Vom Schulmaterial zum Freilernen: Ein neuer Alltag entsteht
Nach dem Ausscheiden aus der Schule erhielt die Mutter zunächst weiterhin Unterrichtsmaterial, da zu diesem Zeitpunkt keine Präsenzpflicht bestand. Mit der Wiedereinführung der Anwesenheitspflicht endete jedoch auch diese Unterstützung. Anstatt nun klassischen Homeschooling-Betrieb mit festem Stundenplan zu etablieren, entschied sich die Familie für das sogenannte Freilernen. Dieses Konzept, das der Philosophie der freien Schule sehr nahesteht, überträgt die Entscheidungsfreiheit der Kinder auf das Lernen zu Hause.

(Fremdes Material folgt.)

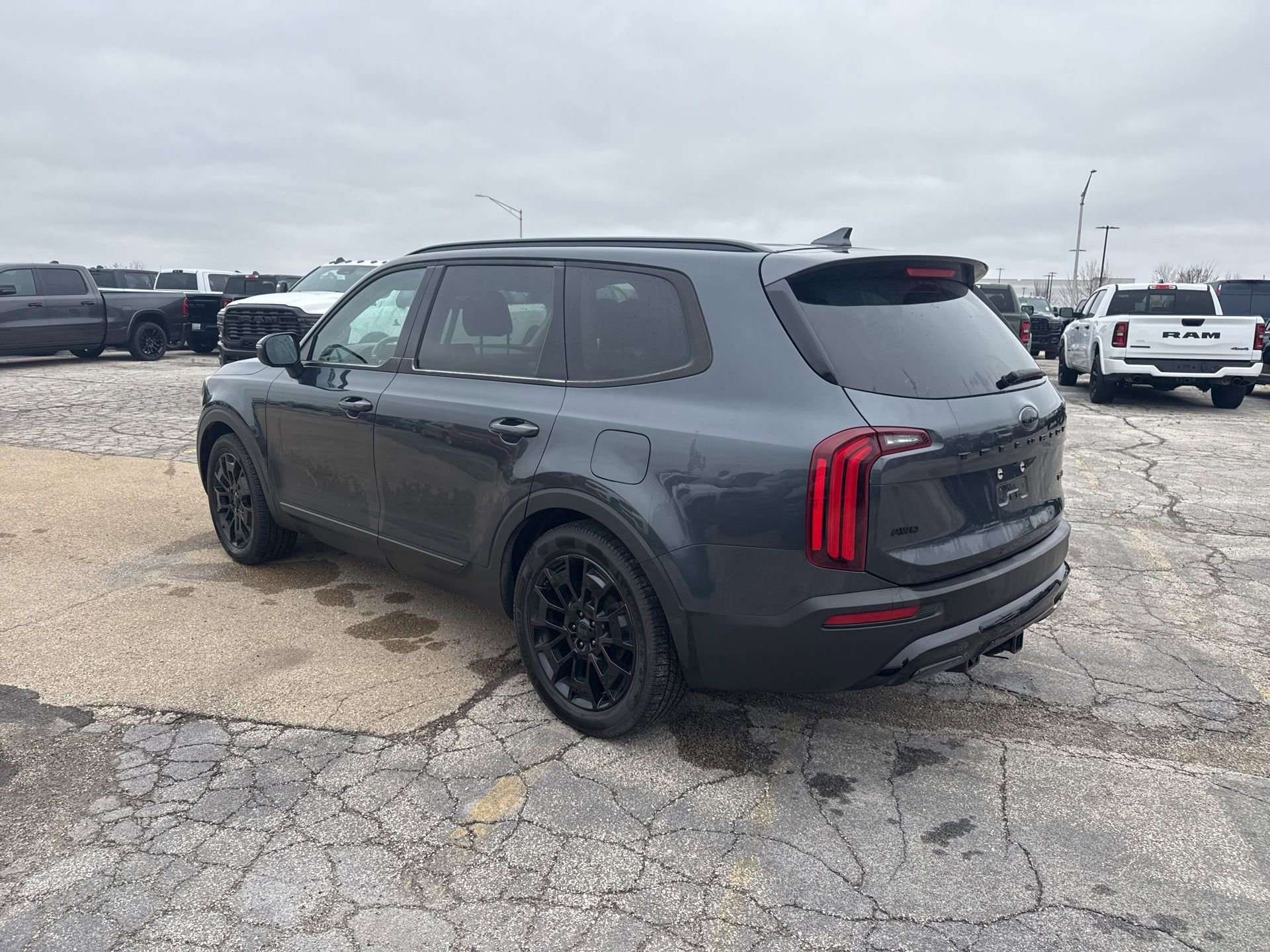 Used 2021 Kia Telluride EX w/ EX Premium Package image 8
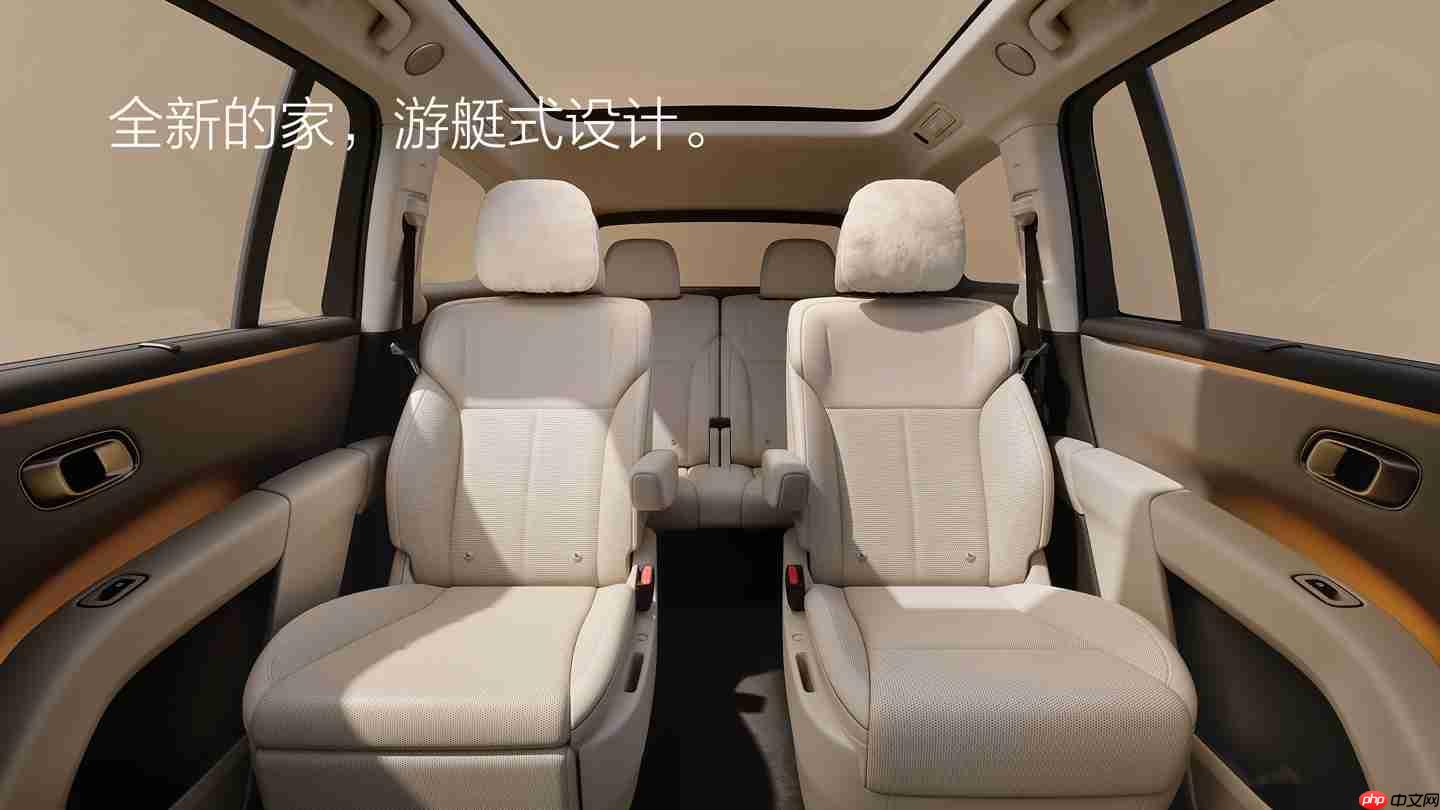 李想自嘲第一次看见理想 i8 觉得有点丑,越看越顺眼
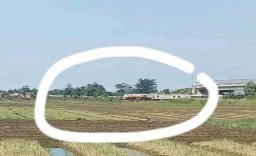 Ibu Rumah Tangga Meninggal Tertabrak Kereta Api di Klampok Brebes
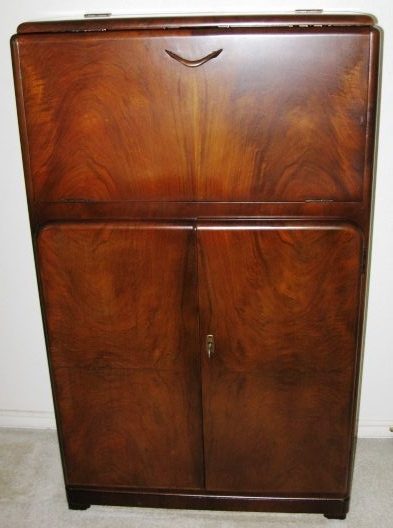 Cellarette of Spectacular Burl Walnut with Triple Mechanism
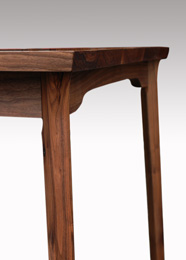 �E�H�[���i�b�g�_�C�j���O�e�[�u�����C�ށ@�E�H�[���i�b�g�e�[�u�����C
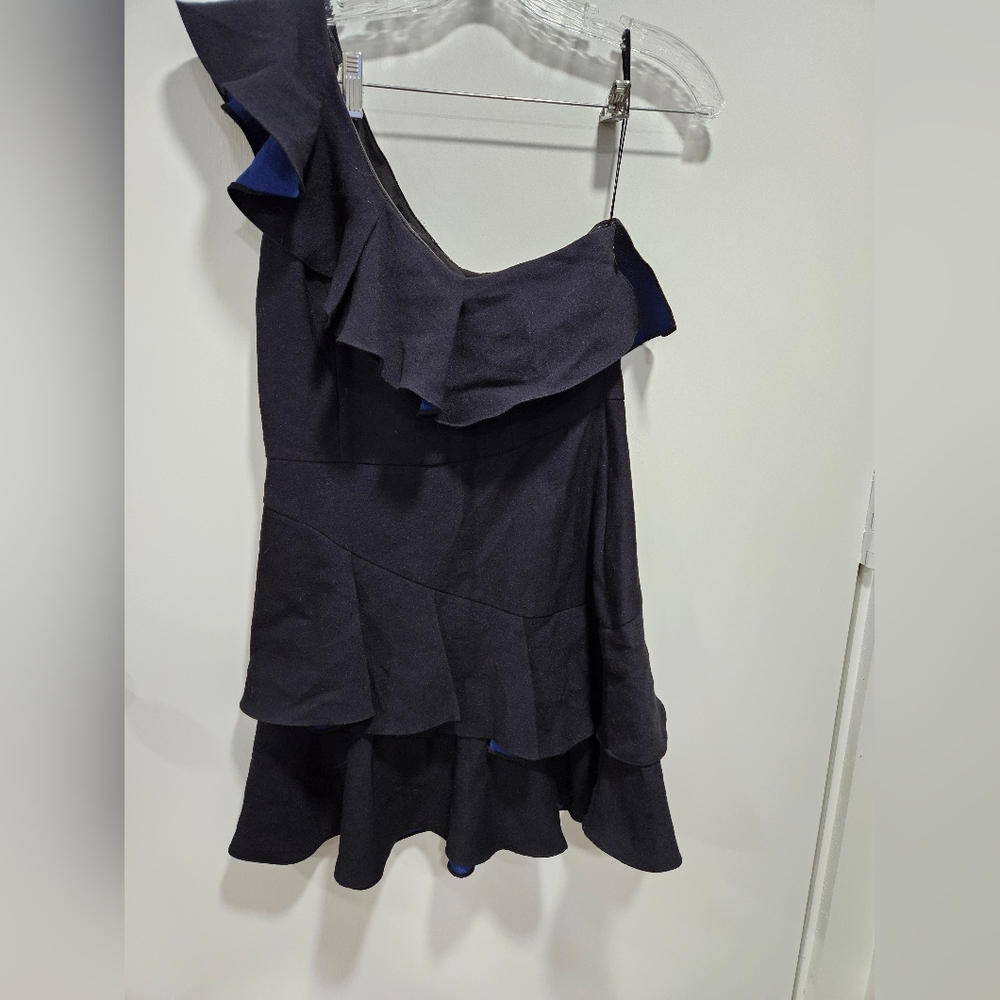 BCBG Maxazria navy blue one shoulder dress size 6 NWT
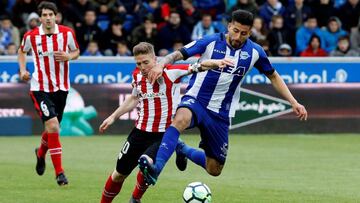Iker Muniain con Guillermo Maripán.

Die Mutter versteht sich dabei weniger als Lehrerin, sondern vielmehr als Begleiterin, die die natürlichen Lernfortschritte ihres Sohnes beobachtet und darauf aufbauend Impulse setzt. Sie knüpft an seinen aktuellen Interessen und seinem Wissensstand an. Ein zentraler und manchmal herausfordernder Grundsatz ist es, akzeptieren zu müssen, wenn das Kind signalisiert, dass es genug gelernt hat. Dieser Verzicht auf Leistungsdruck war schließlich einer der Hauptgründe für die ursprüngliche Anmeldung an der freien Schule gewesen.
Ein typischer Tag beim Freilernen
Der Alltag zu Hause ist bewusst nicht durch klingelnde Schulklingeln strukturiert. Gegen acht Uhr, wenn der kleine Bruder in den Waldkindergarten gebracht wird, beginnt für den Sohn eine ruhige Lernphase. Er liest vielleicht in einem Buch oder beschäftigt sich mit Rechenaufgaben. Aktuell sind Was-ist-Was-Tonies über Dinosaurier seine große Leidenschaft. Wenn die Mutter gegen halb neun zurückkommt, startet die gemeinsame Zeit, die dem Lernen gewidmet ist. Wie in der freien Schule üblich, werden alle Aktivitäten und Fortschritte dokumentiert. Aus diesen Aufzeichnungen werden dann neue, kindgerechte Ziele abgeleitet – in diesem Jahr ist das große Ziel, lesen zu lernen.

Soziale Kontakte und kreative Lösungen
Anfangs litten die sozialen Kontakte des Jungen unter der neuen Situation. Durch die Eigeninitiative der Eltern und den Austausch mit anderen Familien entstanden jedoch schnell kleine, inoffizielle Lerngruppen. Diese setzen sich sowohl aus Kindern zusammen, die zu Hause unterrichtet werden, als auch aus solchen, die reguläre Schulen besuchen. Durch den engen Kontakt zur Gruppenleiterin der freien Schule erhält die Mutter sogar spezielles Lernmaterial für diese Treffen. Der Vorteil der kleinen Gruppen liegt auf der Hand: Konflikte können schneller und direkter gelöst werden, und die Betreuung ist sehr intensiv.
Lernen, wenn es passt: Die Flexibilität des Freilernens
Ein zentrales Merkmal dieses Lebens- und Lernmodells ist die immense Flexibilität. Ein strikter Lehrplan ist nicht vorgesehen. Wenn der Sohn zwei Wochen lang leidenschaftlich gern Hanpan, ein Tastinstrument, spielen möchte, wird daraus kurzerhand der Musikunterricht. Es werden dann die einzelnen Töne erkannt und benannt, die Tonleiter geübt und das Notenlesen spielerisch erlernt. Auf diese Weise verschwimmen die Grenzen zwischen Spielen und Lernen auf natürliche Weise. Auch die Mutter findet in diesem flexiblen Rahmen ihre eigenen Freiräume, die sich von Tag zu Tag individuell gestalten. Die Familie hat sich für einen Bildungsweg entschieden, der konsequent die Bedürfnisse und den Rhythmus des Kindes in den Mittelpunkt stellt.